Minggu, 02 September 2012

Kisah : Nasib Anak di Tengah Krisis dan Konflik (Bagian 3)


Dikemas oleh : Isamas54
Nasib anak-anak  dalam konflik Perang saudara di Liberia dan Konflik di Afganistan.

(5).  Perang Saudara di Liberia
Ini merupakan kisah lama yang penulis sedikit edit dari tulisan ’Liberia : Eksploitasi Seksual Anak Perempuan Meluas’ pada Kompas tanggal 9 Mei 2006, yang mudah-mudahan ini hanya kisah lama dan tidak terjadi lagi pada situasi dan kondisi yang hampir sama pada saat ini.
*
Akibat konflik perang saudara di Liberia selama 15 tahun (1989-2003) lebih dari 250.000 orang tewas dan sekitar 1,3 juta orang terpaksa mengungsi.  Un­tuk menampung para pengungsi itu, terdapat 25 kamp pengung­sian di Liberia.  Sebanyak 315 pengungsi yang ditemui Save the Children itu tinggal, di kamp pengungsian yang terpisah antara pria dan wanita dewasa serta anak perem­puan dan laki-laki. 
Sebelum didera konflik, Libe­ria pernah menjadi negara terkaya di daratan Afrika dengan kekayaan sumber alam karet, kayu, dan hasil tambang lainnya.  Presiden Liberia yang baru sekaligus mantan ekonom di Bank Dunia, Ellen Johnson-Sirleaf, disebutkan menghadapi tantangan berat dalam membangun kembali perekonomian dan masyarakat yang kacau balau akibat konflik berdarah.
*
Anak perempuan berusia minimal 8 tahun kerap mengalami eksploitasi seksual di kamp pengungsian di Liberia. Penemuan itu diungkapkan organisasi Save the Children, Senin (8/5/2006) di Inggris.
Dalam laporan tertulis itu di­sebutkan, anak-anak perempuan yang tinggal di kamp pengungsian dipaksa untuk berhubungan seks (catatan : dalam tulisan ini selanjutnya disingkat bhsx) dengan imbalan makanan, pakaian, uang, ataupun berbagai kemudahan lain.  Yang mengejutkan, dari hasil penemuan itu, pelakunya kerap kali adalah pekerja kemanusiaan dan tentara penjaga perdamaian PBB yang bertugas melindungi pengungsi. 

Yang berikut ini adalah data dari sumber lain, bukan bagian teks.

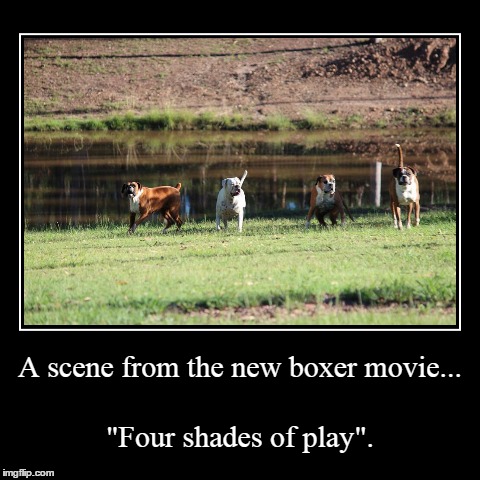 Four shades of play | image tagged in funny,demotivationals,dogs,fifty shades of grey | made w/ Imgflip demotivational maker
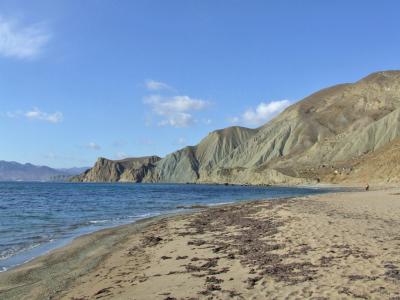 Прикрепленное изображение: DSCF6170.jpg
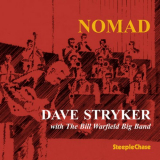 Dave Stryker - Nomad '1995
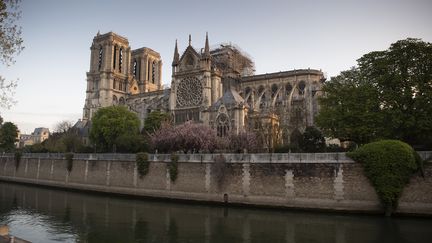 Notre-Dame de Paris, après l'incendie qui a ravagé la cathédrale, le 17 avril 2019. (ERIC FEFERBERG / AFP)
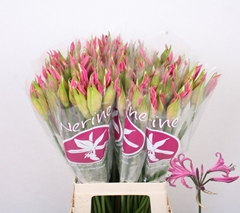 Nerine Ras Van Roon 65cm
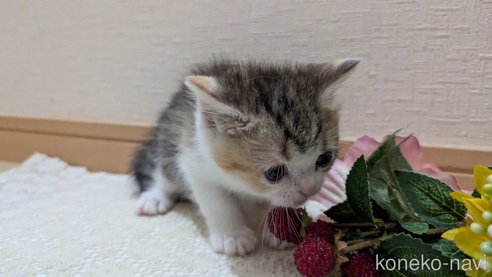 成約済の広島県のスコティッシュフォールド-85433の98枚目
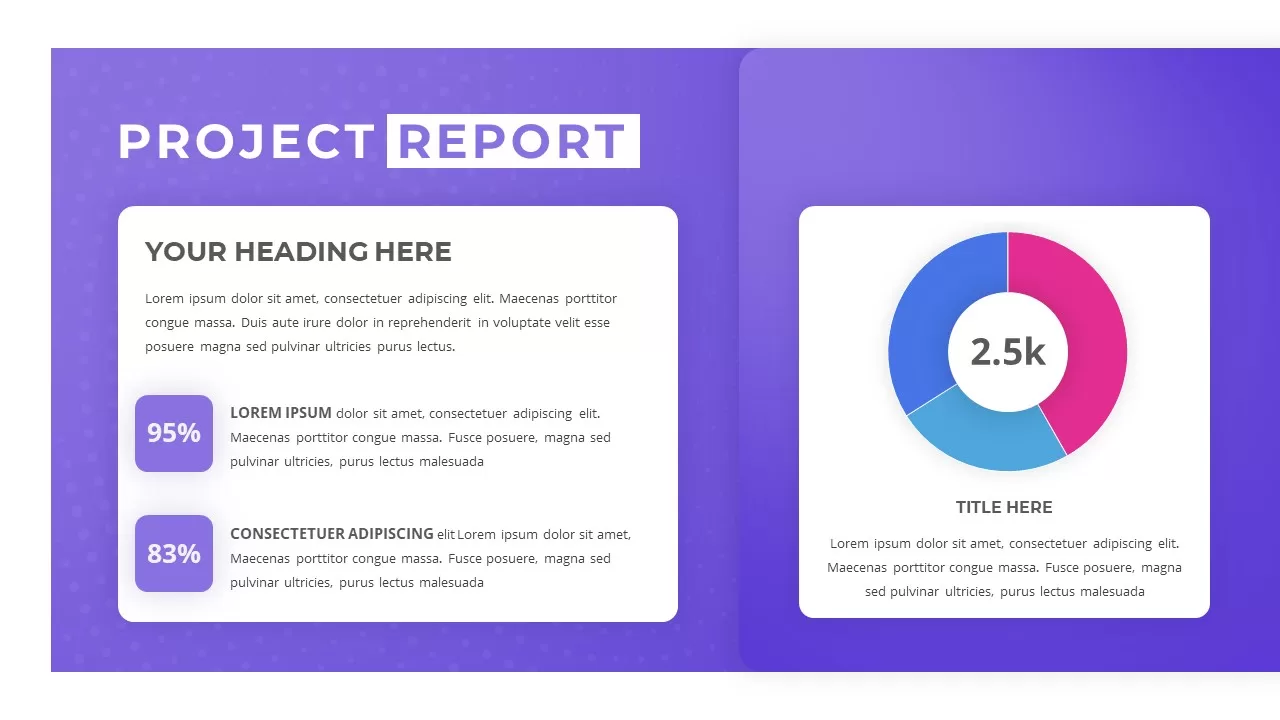 project report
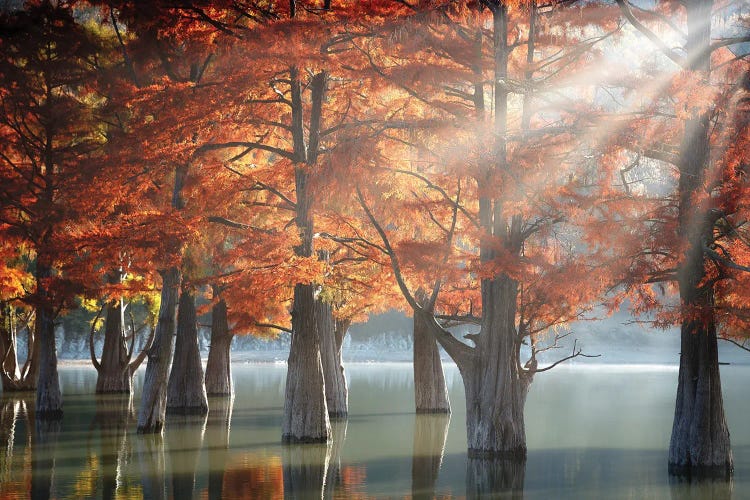 Sunny Cypress Trees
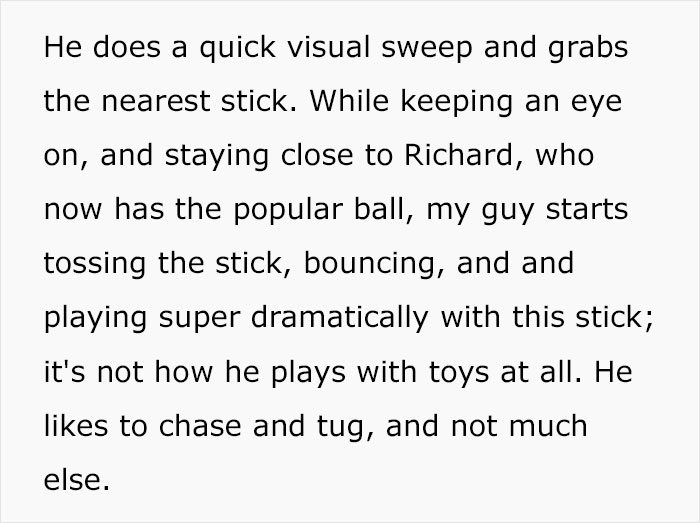 Dog Owner Witnesses Peculiar Behavior At The Dog Park, Asks The Internet If His Dog Just Lied To Another Dog Dog Owner Witnesses Peculiar Behavior At The Dog Park, Asks The Internet If His Dog Just Lied To Another Dog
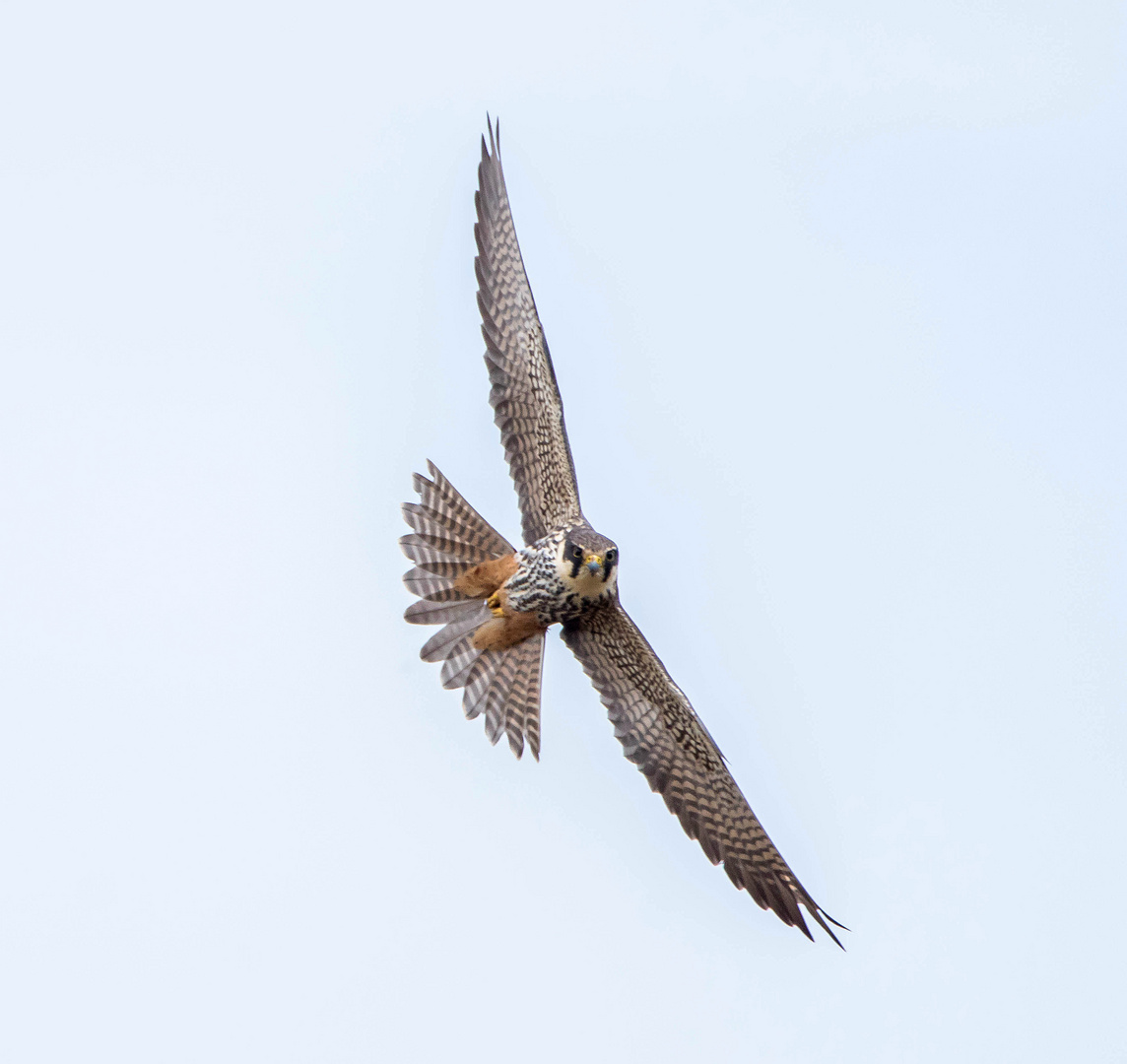 Baumfalke mit Blickkontakt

Direktur Eksekutif Save the Children Inggris Jasmine Whitbread mengemukakan, mayoritas anak perempuan 12 tahun ke atas justru secara rutin bhsx di kamp-kamp pengungsian. "Hal ini tidak bisa dibiarkan berlanjut, ini harus segera ditangani dan diakhiri. Pria memanfaatkan posisi dan kekuasaannya. Mereka memanfaatkan itu untuk mengambil keuntungan dari anak-anak yang tidak berdaya. Mereka harus dipecat," ujarnya. 

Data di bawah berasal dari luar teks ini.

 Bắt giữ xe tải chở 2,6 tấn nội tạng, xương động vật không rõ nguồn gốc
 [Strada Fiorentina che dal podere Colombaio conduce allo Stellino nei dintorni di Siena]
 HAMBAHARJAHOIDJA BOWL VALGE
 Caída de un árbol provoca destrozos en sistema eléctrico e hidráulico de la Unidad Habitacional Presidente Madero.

Sebenarnya kasus eksploitasi seksual seperti itu pertama kali ditemukan di kawasan Afrika barat sekitar 4 tahun yang lalu. Ketika itu, PBB berjanji akan menempatkan penjagaan khusus di kamp pengungsian.  Namun, hingga kini kasus se­perti masih saja terjadi, bahkan Save the Children menyebutkan, kasus seperti itu justru meluas. 

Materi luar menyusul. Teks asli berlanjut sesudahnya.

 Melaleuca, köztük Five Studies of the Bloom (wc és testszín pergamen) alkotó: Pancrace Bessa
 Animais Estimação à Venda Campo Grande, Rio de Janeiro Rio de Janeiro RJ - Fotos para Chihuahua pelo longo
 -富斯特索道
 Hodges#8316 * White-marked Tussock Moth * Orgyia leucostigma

Kasus eksploitasi seks seperti itu dikhawatirkan akan menghambat proses pemulihan Liberia setelah 20 tahun didera konflik bersenjata.  Selain tentara penjaga perda­maian dan pekerja kemanusiaan, guru dan polisi juga disebutkan kerap melakukan eksploitasi seks dengan berbagai macam imbalan. Tak hanya uang, makanan, atau­pun pakaian, tetapi juga bisa ha­nya dengan janji dan imbalan bisa naik mobil atau menonton film.  "Lebih parah, ada anak-anak yang dipaksa bhsx hanya dengan imbalan sebotol bir atau nonton video," sebut laporan itu.
Laporan tertulis Save the Chil­dren setebal 20 halaman itu juga mencantumkan pengakuan para pengungsi tentang kasus eksploi­tasi seks itu. Sekitar 315 pengungsi yang terpaksa meninggalkan rumahnya akibat perang saudara itu didatangi satu per satu di seluruh kamp pengungsian yang ada. "Sudah lebih dari 20 kali saya diajak banyak pria untuk pergi bersama mereka dengan imbalan uang. Mereka bekerja di LSM” kata seorang anak perempuan. 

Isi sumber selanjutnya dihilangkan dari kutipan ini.